Everything below from the line with "A vibrant digital" through the line with "Asymmetric Draped Midi Dress" should be copied exactly, and nothing else; leave out the pictures.

* _DATA IN THIS EXERCISE_:
------------------------------

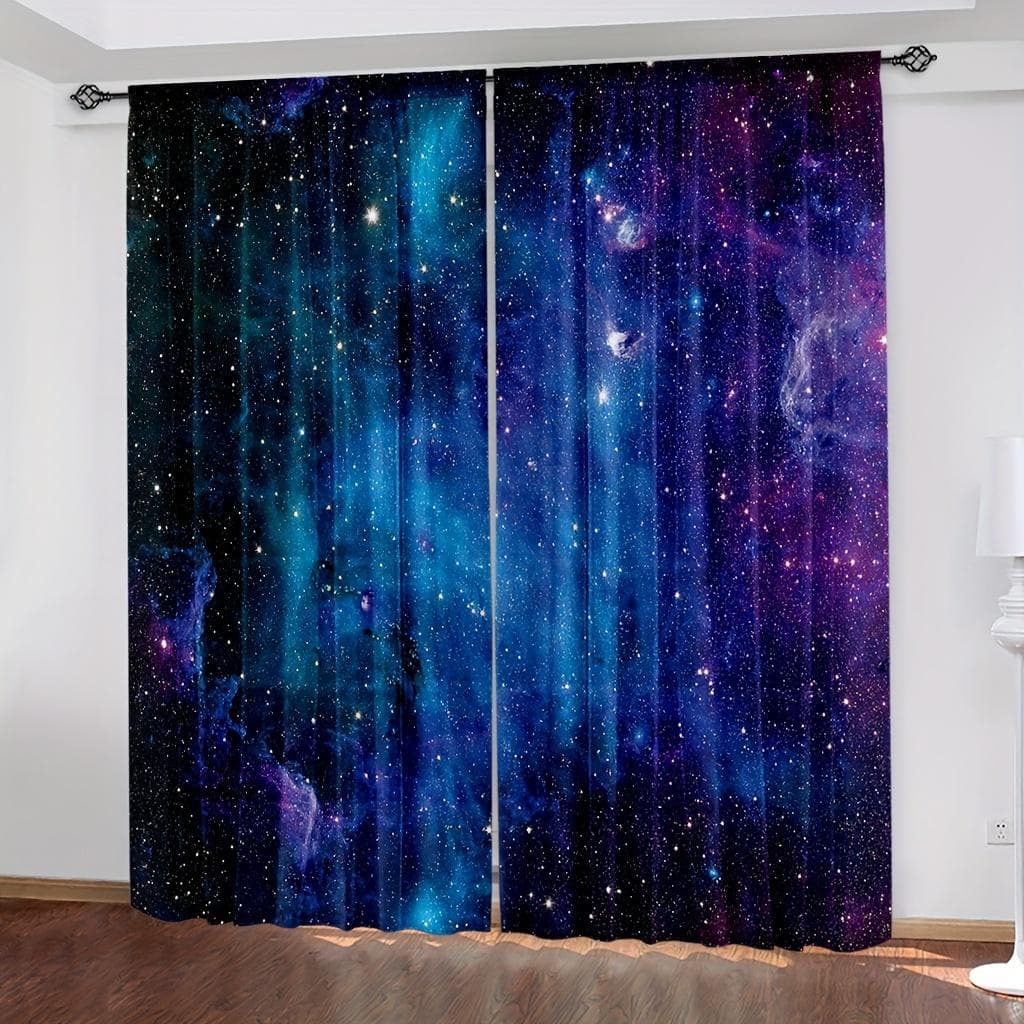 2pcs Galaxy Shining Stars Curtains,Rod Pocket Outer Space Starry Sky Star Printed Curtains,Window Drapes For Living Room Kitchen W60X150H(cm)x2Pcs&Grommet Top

------------------------------

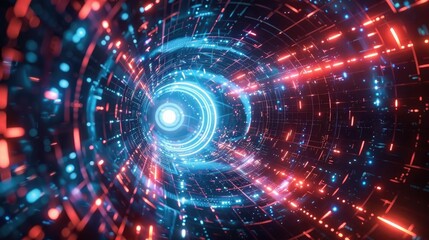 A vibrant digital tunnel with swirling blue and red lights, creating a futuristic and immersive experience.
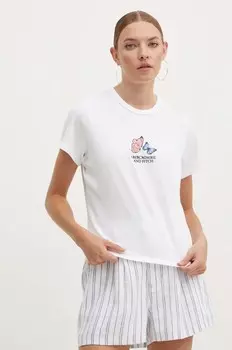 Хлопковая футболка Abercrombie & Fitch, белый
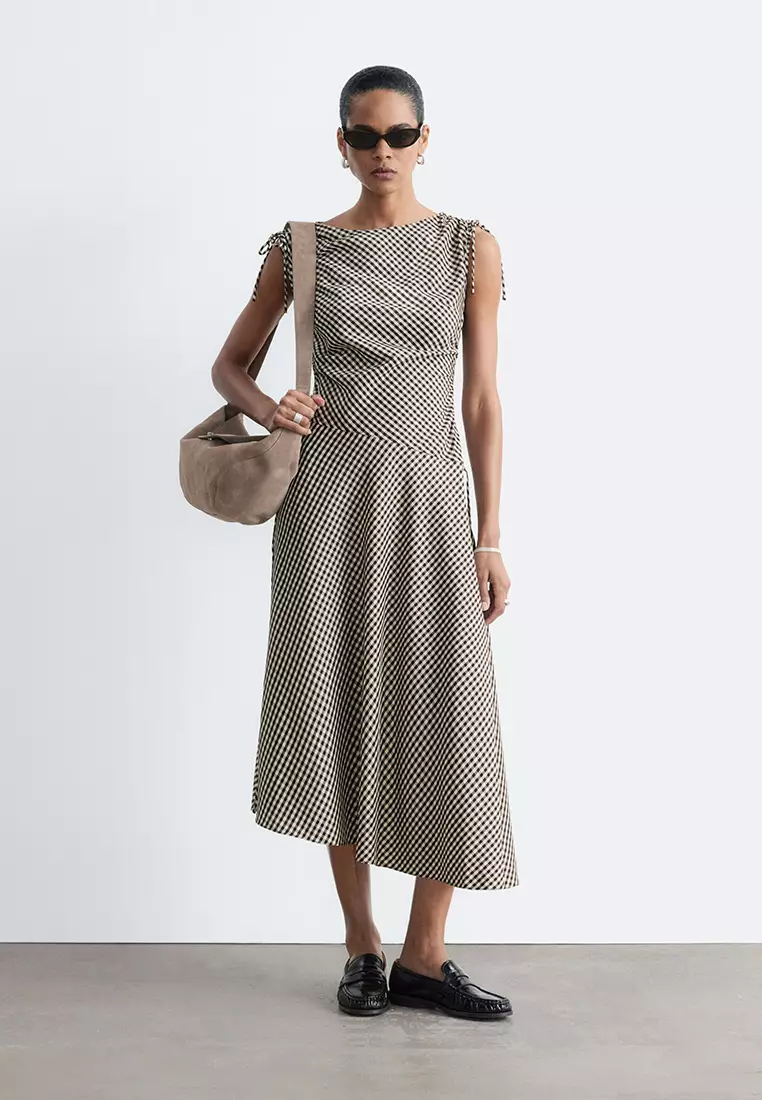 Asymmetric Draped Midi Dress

------------------------------

* _WRITTEN SOLUTION_:
 A vibrant digital tunnel with swirling blue and red lights, creating a futuristic and immersive experience.
 Хлопковая футболка Abercrombie & Fitch, белый
 Asymmetric Draped Midi Dress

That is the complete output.